V1 complexity (removed in V2):

  • Bond system (3 contracts, ~800 lines)
  • Peer voting (2 contracts, ~600 lines)
  • Multi-tier resolution (1 contract, ~400 lines)
  • Complex fee structures (scattered across 5 files)

Total removed: ~2,300 lines

Less code → fewer bugs → faster audits → higher confidence.


Unit Test Results

Beyond the 8 automated layers, we have traditional unit tests:

AbbababaScoreV2.test.js:    32/32 passing
AbbababaEscrowV2.test.js:   45/45 passing
AbbababaResolverV2.test.js: 18/18 passing

Total: 95/95 passing

These test specific scenarios:

  • Edge cases (zero amounts, max uint256)
  • Access control (unauthorized calls revert)
  • Event emissions (correct parameters)
  • Gas optimization (reasonable gas usage)

What’s Next

We’re running these 8 layers continuously:

Pre-commit: Slither + Foundry (fast feedback)

Daily: Echidna 1-hour runs

Weekly: Medusa 3-hour runs

Before upgrades: Full 8-layer sweep

The audit report is public: AUDIT_REPORT_V2.md


Running It Yourself

All our security tooling is open source.
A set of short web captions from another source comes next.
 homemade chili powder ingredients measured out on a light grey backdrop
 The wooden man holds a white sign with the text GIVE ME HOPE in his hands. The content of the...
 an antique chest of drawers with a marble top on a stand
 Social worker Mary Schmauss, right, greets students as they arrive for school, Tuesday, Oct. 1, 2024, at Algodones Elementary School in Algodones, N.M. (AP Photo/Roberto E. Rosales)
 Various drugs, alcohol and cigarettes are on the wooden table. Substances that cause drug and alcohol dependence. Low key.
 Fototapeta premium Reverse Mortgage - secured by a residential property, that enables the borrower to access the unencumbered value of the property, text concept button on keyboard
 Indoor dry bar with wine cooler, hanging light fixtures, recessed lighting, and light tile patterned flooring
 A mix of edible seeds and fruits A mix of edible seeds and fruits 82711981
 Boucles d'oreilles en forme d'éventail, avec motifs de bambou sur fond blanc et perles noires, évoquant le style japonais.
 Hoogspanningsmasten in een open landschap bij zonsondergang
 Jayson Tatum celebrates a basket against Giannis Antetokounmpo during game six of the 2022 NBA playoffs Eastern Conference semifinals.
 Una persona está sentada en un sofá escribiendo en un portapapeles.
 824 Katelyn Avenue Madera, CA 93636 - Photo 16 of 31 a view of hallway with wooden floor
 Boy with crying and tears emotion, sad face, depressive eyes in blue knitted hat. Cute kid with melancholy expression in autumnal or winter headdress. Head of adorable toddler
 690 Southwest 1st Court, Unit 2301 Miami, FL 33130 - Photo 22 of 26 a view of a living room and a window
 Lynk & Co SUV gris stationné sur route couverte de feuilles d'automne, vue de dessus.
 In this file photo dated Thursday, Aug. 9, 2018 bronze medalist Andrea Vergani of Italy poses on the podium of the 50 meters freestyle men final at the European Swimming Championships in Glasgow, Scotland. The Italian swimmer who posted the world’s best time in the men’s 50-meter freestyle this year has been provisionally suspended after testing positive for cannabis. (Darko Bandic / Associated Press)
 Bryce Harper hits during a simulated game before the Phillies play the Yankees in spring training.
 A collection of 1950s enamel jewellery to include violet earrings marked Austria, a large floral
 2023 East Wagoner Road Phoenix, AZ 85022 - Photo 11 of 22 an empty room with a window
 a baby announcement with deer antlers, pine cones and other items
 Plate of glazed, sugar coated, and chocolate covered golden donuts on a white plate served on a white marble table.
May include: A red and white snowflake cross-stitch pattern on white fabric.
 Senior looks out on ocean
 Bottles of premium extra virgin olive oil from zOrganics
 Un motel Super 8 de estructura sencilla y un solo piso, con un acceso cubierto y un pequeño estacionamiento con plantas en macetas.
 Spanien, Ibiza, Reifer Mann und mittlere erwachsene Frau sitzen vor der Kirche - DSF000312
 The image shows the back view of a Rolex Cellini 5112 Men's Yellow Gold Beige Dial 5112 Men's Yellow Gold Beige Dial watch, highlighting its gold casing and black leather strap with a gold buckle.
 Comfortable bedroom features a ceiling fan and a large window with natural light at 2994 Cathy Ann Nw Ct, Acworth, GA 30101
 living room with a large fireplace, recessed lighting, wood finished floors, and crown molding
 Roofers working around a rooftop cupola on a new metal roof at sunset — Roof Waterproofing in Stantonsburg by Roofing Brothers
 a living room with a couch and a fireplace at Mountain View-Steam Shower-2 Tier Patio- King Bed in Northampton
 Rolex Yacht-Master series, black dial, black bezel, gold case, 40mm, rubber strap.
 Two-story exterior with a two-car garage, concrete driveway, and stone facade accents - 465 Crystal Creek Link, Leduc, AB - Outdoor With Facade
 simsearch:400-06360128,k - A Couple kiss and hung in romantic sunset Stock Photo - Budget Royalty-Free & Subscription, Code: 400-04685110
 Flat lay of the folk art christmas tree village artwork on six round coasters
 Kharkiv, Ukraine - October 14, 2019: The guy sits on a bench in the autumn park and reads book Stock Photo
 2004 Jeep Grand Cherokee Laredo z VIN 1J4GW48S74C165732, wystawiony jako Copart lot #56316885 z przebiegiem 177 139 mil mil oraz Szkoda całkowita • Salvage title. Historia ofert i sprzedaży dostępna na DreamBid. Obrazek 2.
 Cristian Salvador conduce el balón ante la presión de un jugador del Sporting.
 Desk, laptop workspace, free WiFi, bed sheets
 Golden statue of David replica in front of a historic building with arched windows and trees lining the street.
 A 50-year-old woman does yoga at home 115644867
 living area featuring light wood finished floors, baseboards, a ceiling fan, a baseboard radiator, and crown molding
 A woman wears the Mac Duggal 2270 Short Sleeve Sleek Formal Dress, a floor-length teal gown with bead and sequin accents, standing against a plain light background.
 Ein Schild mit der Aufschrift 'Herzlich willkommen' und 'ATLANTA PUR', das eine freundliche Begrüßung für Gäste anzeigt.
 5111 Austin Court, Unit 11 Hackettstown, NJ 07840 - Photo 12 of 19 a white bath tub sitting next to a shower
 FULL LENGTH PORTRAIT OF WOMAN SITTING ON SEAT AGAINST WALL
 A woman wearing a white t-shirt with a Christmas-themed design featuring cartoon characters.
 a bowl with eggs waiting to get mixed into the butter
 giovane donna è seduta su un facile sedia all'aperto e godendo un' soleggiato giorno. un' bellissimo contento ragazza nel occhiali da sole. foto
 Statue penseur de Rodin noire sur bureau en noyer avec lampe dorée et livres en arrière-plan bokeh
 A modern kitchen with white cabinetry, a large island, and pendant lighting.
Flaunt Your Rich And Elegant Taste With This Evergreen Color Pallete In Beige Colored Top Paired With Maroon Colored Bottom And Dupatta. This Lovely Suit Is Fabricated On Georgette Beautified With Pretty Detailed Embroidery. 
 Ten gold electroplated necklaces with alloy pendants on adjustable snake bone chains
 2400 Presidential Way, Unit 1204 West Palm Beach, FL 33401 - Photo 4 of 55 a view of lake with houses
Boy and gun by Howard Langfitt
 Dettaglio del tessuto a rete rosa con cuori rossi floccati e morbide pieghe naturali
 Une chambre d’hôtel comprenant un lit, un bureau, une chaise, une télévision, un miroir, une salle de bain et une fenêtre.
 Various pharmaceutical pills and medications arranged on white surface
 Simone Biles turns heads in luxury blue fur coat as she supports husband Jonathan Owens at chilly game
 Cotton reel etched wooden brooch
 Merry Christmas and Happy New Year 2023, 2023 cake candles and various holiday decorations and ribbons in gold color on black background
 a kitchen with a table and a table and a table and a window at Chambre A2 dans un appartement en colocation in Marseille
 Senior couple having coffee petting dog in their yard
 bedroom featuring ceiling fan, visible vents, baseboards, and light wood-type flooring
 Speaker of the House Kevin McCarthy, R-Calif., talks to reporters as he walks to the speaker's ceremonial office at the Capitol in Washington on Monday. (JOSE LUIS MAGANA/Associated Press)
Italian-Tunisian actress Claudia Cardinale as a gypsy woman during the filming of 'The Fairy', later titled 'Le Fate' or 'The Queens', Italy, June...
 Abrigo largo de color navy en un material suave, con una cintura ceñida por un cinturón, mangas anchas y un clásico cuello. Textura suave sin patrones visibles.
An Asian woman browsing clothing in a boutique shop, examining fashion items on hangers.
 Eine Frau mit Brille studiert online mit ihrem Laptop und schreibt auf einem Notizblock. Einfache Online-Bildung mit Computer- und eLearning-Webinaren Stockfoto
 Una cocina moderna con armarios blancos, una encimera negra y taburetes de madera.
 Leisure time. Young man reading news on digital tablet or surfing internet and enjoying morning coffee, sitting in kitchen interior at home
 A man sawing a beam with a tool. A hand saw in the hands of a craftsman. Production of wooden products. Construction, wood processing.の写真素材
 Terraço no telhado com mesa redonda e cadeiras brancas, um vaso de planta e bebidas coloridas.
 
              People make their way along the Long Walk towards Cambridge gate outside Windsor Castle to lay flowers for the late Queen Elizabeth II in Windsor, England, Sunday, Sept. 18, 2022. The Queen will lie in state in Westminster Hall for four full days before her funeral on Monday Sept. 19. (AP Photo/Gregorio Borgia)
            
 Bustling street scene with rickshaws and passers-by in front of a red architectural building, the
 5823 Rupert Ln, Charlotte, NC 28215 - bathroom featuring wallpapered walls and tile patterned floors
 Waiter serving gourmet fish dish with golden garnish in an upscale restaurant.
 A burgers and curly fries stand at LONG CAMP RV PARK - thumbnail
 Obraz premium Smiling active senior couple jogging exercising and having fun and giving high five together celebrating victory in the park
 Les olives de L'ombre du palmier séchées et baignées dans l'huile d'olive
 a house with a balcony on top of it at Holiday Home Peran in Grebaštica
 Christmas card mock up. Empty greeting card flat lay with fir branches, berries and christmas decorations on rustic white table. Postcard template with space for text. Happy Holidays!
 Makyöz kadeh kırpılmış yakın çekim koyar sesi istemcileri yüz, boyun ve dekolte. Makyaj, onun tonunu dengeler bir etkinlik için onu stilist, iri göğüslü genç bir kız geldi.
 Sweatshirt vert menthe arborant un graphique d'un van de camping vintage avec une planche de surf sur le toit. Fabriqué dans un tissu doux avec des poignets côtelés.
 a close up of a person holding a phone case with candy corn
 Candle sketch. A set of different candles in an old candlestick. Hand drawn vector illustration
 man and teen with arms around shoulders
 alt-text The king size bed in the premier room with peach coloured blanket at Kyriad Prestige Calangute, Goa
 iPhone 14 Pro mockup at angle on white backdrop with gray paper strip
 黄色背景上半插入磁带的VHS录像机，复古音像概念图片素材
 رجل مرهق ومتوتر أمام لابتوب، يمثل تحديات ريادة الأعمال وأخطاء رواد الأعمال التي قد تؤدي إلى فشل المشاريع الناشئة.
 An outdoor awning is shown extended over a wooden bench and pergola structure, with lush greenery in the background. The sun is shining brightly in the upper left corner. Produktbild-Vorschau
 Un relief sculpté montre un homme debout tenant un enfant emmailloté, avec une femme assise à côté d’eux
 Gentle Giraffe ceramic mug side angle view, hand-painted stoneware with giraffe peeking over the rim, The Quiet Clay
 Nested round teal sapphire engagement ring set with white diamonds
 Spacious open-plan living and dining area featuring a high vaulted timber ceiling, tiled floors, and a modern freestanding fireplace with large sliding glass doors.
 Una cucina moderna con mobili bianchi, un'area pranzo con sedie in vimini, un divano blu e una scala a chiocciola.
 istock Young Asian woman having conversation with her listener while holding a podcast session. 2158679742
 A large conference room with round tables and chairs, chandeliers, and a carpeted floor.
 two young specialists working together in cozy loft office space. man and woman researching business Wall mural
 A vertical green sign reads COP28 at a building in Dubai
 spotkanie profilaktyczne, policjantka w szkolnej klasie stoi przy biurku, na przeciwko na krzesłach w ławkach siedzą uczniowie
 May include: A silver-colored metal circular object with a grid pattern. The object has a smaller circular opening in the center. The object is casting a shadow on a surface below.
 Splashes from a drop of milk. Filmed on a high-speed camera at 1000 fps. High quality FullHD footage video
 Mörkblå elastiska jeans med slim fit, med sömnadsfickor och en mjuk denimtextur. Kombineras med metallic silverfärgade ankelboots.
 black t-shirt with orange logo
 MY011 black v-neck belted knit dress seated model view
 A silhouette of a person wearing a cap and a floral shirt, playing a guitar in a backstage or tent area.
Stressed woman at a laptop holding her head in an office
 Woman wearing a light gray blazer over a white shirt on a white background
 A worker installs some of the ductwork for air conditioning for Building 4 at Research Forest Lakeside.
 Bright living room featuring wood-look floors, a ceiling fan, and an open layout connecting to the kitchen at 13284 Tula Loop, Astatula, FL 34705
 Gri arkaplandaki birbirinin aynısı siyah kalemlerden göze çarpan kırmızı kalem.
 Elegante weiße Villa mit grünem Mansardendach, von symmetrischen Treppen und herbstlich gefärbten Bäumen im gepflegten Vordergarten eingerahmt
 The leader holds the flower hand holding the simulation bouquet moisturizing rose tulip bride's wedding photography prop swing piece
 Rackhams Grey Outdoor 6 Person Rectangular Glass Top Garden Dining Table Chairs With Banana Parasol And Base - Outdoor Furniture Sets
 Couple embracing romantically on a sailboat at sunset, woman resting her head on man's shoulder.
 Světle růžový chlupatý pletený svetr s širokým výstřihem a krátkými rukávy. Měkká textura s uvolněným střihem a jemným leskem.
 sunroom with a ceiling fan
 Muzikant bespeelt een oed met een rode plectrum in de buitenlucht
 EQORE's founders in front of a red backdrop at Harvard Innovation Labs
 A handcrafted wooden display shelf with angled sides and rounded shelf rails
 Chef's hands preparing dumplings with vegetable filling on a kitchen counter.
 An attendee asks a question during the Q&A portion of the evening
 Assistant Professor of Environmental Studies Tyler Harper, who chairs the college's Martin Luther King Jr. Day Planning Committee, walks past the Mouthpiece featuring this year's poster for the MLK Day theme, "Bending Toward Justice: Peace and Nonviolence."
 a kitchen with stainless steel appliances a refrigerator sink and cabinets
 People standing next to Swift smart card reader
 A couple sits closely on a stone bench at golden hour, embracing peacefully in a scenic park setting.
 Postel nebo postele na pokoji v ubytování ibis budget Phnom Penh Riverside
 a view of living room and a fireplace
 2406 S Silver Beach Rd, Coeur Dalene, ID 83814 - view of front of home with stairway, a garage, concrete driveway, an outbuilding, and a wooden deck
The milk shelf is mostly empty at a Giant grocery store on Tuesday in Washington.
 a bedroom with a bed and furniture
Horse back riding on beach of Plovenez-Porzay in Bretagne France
Clone the repo and run:

slither contracts/contracts/ --filter-paths node_modules
 
echidna test/echidna/EchidnaEscrowV2.sol --config echidna-v2.yaml
 
./run-medusa-3hr.sh
 
forge test --fuzz-runs 100000
 
halmos --contract HalmosEscrowV2Test
 
certoraRun certora/conf/EscrowV2.conf
 
gambit mutate --json gambit-v2-escrow.json
forge test  # run against mutants
 
npx hardhat test

Contracts Verified

ContractAddress
AbbababaEscrowV20x1Aed68edafC24cc936cFabEcF88012CdF5DA0601
AbbababaScoreV20x15a43BdE0F17A2163c587905e8E439ae2F1a2536
AbbababaResolverV20x41Be690C525457e93e13D876289C8De1Cc9d8B7A

All three contracts passed all 8 layers. All three are live on Base Sepolia.


Security is not a checkbox. It’s a process.

We run these tools before every deployment. We run them on pull requests. We run them overnight.

Because the alternative is finding bugs in production.